The word ‘canon’ means ‘rule’. The Canon of Scripture is the collection of books agreed by Christians to be inspired by God in a way that no other books are inspired. Together they are the rule or standard for understanding the character and will of God. Those who set themselves against this rule reject God’s authority, promote false teaching and divide the Church.
Conclusion
The sufficiency of Scripture is a necessary doctrine because of the Bible’s own teaching in three areas:
1. Teaching about the character of God himself. God is trustworthy, sovereign and wise. He is able to communicate clearly and definitively to his people through his human agents and their written words.
2. Teaching about humanity. We are rebellious and anxious to suppress or distort the truth in our own interests. Without a sufficient word from God, we are left to our own devices and the inevitable corruption that follows.
3. Teaching about the Church. True Christian unity and faithful witness to Christ can only be found in confessing and living out ‘the faith that was once for all entrusted to the saints’ (Jude 4; cf. Eph. 4:1-6). This has been preserved for all generations of believers in the Canon of Scripture. When the sufficiency of Scripture is doubted or denied, God’s purpose for his Church is impeded (cf. Eph. 4:12-13).

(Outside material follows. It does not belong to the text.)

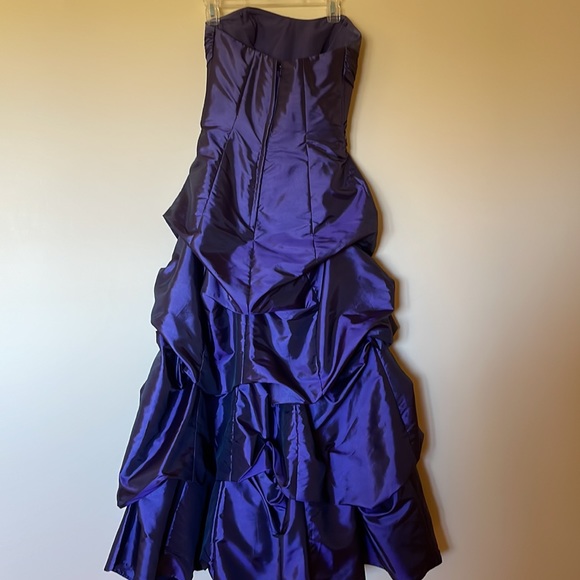 Purple formal dress size 7/8 Mori lee strapless - Picture 3 of 3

[1] A belief in the sufficiency of Scripture rescues us from the tyranny of human traditions, the sinfulness of human reason and the fallibility of human experiences. This topic is covered in much greater depth by M. D. Thompson, A Clear and Present Word: The Clarity of Scripture, New Studies in Biblical Theology 21 (Downers Grove: Intervarsity; Nottingham: Apollos, 2006).
[2] A. McGrath, Christian Theology: An Introduction (2nd ed., Oxford: Blackwell, 1997), 213.
[3] W. H. Griffith Thomas, Principles of Theology: An Introduction to the Thirty-Nine Articles (5th ed. rev.; London: Church Book Room, 1963), 124.
[4] W. Brueggemann, Theology of the Old Testament: Testimony, Dispute, Advocacy (Minneapolis: Fortress, 1997), 61-62.
[5] Brueggemann, Theology of the Old Testament, 62.
[6] McGrath, Christian Theology, 227.